According to CBS News, President Trump is scheduled to release a new round of sanctions against Iran that will target multiple foreign entities believed to have aided the Islamic Republic with its ballistic missile development program.
Multiple sources told CBS that the new sanctions will not interfere with President Obama’s nuclear deal with Iran.
Although President Trump has publicly criticized that deal, European diplomats say they have been informed that Mr. Trump has agreed to honor it.
But earlier this week, Mr. Trump said on camera at the start of a meeting with the Iraqi Prime Minister that “nobody knows why” his predecessor agreed to the deal which was also co-signed by Russia, China, Germany, Britain and France. “One of the things I did ask is, ‘why did President Obama sign that agreement with Iran?’ because nobody has been able to figure that one out,” Mr. Trump said.
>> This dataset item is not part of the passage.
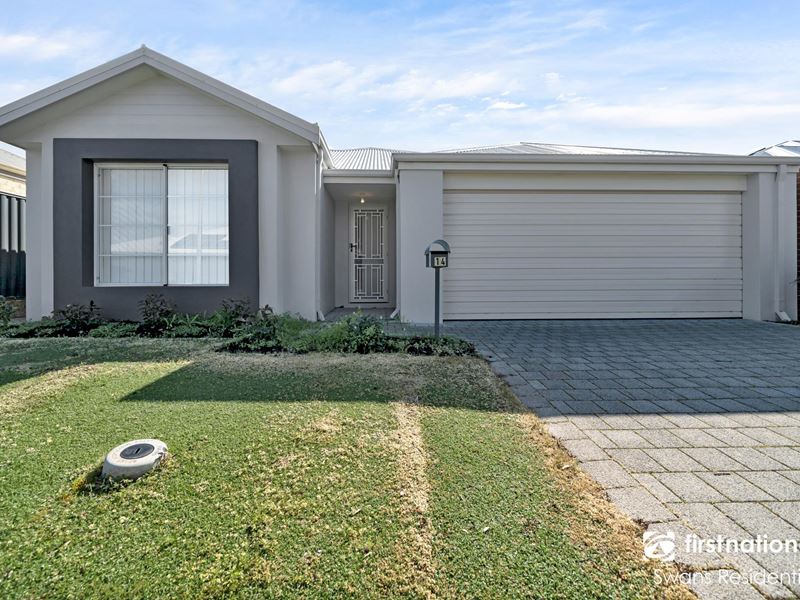 14 Calverley Road, Brabham WA 6055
If the new sanctions go into effect, they will be the second round administered by the Trump administration. The first round, already on standby in the last few months of the Obama tenure, were triggered in February.
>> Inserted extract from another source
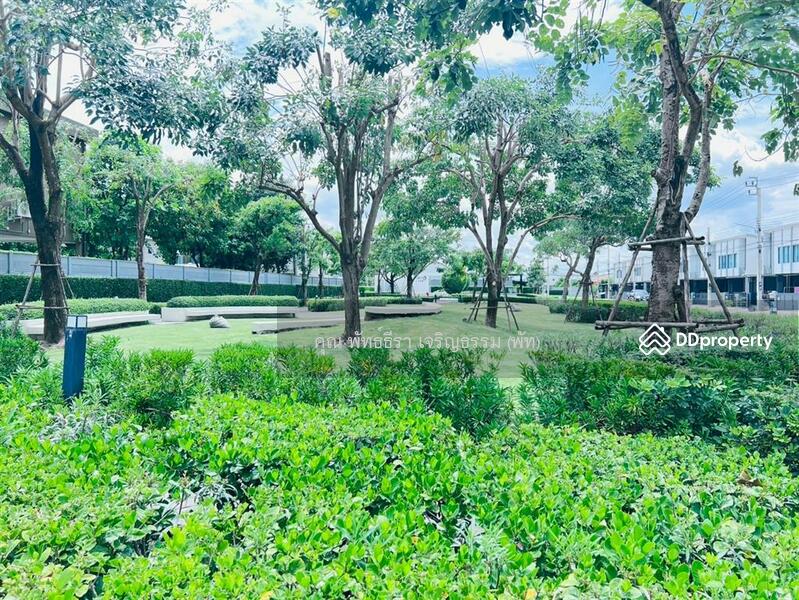 For Sale - Pleno Bangna-Onnut, Samut Prakan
This development will bring the Iran nuclear deal back to the headlines, depending on how Tehran reacts to the sanctions. Trump has been advised to keep the deal in place despite Republican opposition and despite his statements on the campaign trail; the biggest part of the damage has already been done, after all. Iran got their frozen billions, which they will keep in a nice, safe place until they’ve decided they’ve had enough of abiding by international restrictions. Then they’ll kick inspectors out of the country and resume their weapons program – much easier to do, now, thanks to Obama’s gullibility.
In the meantime, it makes sense to work the program – as skeptical as we may be about the rigor of the inspections process – until there is a clear indication that Iran is breaking the deal. Which they will, guaranteed. This is the North Korea situation all over again, and it will happen every time our leaders make the mistake of trusting regimes that cannot be trusted.
Diplomacy is a powerful tool, and so is negotiation. You can turn enemies into friends using these tools, but you can’t do it by burying your head in the sand, appeasing dictators, and pretending you have control over the uncontrollable.
Obama’s errors have put the Trump administration in a tough spot. Our only hope is that Iran will take the consequences of breaking the deal a bit more seriously as long as Trump is in office. Unfortunately, their continued ballistic missile testing tells us they do not.